4. The wireless screen transmitter according to claim 3, wherein the audio/video hybrid transmitting circuit comprises a third triode, a ninth capacitor, a tenth capacitor, an eleventh capacitor, a twelfth capacitor and a three-pin inductor; the ninth capacitor and the tenth capacitor are both connected with the base electrode of the third triode, the other end of the ninth capacitor is connected with the collector electrode of the second triode, and the other end of the tenth capacitor is connected with the pin 3 of the middle transformer; the base electrode of the third triode is also connected with a seventh resistor and an eighth resistor, the other end of the seventh resistor is connected with the anode of the power supply, and the other end of the eighth resistor is grounded; the eleventh capacitor is connected with the positive electrode of the power supply, the other end of the eleventh capacitor is connected with the collector electrode of the third triode, pin 1 of the three-pin inductor is connected with the positive electrode of the power supply, pin 3 of the three-pin inductor is connected with the collector electrode of the third triode, pin 2 of the three-pin inductor is connected with the twelfth capacitor, and the other end of the twelfth capacitor is the transmitting end of the audio and video signals of the audio and video mixed transmitting circuit; and the emitter of the third triode is also connected with a thirteenth capacitor, and the other end of the thirteenth capacitor is grounded.

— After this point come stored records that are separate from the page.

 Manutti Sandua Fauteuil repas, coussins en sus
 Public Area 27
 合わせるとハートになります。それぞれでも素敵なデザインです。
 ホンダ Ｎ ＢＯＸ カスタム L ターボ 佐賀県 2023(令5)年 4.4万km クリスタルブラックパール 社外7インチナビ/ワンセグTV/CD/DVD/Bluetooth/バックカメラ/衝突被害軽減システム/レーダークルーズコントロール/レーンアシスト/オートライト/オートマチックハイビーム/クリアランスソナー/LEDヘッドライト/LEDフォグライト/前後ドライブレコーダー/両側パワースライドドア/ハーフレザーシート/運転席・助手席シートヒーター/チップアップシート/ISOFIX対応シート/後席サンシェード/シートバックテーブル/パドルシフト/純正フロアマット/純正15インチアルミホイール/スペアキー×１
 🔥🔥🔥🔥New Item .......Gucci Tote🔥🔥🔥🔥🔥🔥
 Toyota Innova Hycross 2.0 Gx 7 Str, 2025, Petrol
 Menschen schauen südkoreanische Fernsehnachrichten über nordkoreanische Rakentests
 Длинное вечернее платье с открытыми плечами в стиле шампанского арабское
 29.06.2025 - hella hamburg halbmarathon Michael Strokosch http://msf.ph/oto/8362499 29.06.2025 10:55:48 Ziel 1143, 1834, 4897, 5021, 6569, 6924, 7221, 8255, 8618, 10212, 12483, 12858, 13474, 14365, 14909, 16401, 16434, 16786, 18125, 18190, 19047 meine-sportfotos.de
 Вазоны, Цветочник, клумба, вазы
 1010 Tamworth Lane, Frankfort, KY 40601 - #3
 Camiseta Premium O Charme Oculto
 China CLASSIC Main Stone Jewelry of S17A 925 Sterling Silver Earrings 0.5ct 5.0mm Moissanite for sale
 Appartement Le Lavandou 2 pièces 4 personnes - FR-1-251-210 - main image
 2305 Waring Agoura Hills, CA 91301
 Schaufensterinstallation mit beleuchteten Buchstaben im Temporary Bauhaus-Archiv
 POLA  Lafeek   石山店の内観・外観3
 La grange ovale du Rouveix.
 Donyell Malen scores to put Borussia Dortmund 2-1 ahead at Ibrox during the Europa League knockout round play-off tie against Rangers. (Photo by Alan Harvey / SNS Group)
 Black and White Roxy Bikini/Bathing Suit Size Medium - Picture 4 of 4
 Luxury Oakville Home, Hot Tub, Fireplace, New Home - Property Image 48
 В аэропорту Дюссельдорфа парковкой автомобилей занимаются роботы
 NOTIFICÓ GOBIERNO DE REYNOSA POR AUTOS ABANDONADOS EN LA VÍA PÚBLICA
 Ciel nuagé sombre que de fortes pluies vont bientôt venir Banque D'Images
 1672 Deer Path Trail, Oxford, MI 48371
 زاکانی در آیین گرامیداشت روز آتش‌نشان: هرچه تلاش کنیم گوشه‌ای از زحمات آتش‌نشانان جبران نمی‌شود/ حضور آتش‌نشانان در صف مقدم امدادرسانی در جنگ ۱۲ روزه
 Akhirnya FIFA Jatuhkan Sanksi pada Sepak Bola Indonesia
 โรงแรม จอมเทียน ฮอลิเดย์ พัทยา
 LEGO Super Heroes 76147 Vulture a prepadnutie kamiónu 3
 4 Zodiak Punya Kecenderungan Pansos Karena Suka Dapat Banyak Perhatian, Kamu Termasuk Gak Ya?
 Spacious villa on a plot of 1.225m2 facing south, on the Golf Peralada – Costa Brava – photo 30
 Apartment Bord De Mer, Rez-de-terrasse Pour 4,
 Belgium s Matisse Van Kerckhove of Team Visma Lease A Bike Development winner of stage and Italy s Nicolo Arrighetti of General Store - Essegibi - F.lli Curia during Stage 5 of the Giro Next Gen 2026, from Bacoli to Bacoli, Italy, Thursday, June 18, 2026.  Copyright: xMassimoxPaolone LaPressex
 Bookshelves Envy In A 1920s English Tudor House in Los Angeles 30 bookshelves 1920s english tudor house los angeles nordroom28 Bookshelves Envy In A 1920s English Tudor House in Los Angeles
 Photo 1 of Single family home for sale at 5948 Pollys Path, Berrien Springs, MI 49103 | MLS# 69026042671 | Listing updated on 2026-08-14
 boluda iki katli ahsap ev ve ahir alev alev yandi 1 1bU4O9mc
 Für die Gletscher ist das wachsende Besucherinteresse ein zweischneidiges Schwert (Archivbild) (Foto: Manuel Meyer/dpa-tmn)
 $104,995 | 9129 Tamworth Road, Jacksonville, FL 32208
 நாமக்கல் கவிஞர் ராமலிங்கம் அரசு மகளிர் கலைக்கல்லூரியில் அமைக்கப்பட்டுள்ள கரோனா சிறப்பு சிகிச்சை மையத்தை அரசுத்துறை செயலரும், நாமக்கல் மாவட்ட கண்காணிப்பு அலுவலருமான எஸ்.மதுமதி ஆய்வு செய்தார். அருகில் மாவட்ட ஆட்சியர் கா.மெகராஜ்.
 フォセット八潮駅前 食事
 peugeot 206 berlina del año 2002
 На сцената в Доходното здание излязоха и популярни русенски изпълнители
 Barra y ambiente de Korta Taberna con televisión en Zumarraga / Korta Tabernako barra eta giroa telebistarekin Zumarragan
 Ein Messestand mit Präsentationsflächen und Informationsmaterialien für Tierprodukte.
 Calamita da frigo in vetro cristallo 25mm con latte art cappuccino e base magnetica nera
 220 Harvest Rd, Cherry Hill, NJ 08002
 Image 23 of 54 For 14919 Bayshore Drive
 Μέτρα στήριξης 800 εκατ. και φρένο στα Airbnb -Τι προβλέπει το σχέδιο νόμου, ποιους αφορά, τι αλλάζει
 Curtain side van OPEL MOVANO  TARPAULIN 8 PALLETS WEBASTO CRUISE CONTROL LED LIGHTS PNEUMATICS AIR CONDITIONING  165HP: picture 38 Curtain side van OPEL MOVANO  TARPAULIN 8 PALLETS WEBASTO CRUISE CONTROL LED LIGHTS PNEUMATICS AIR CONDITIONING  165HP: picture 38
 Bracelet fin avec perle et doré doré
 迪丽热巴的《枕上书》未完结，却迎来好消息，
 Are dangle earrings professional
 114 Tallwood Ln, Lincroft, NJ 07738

5. The wireless screen transmitter according to claim 4, wherein an adjustable resistor is further connected to an emitter of the third transistor, pin 2 of the adjustable resistor is connected to the emitter of the third transistor, pin 1 of the adjustable resistor is grounded, pin 3 of the adjustable resistor is connected to a fourteenth capacitor and a fifteenth capacitor, the other end of the fourteenth capacitor is grounded, and the other end of the fifteenth capacitor is an input end of the video signal.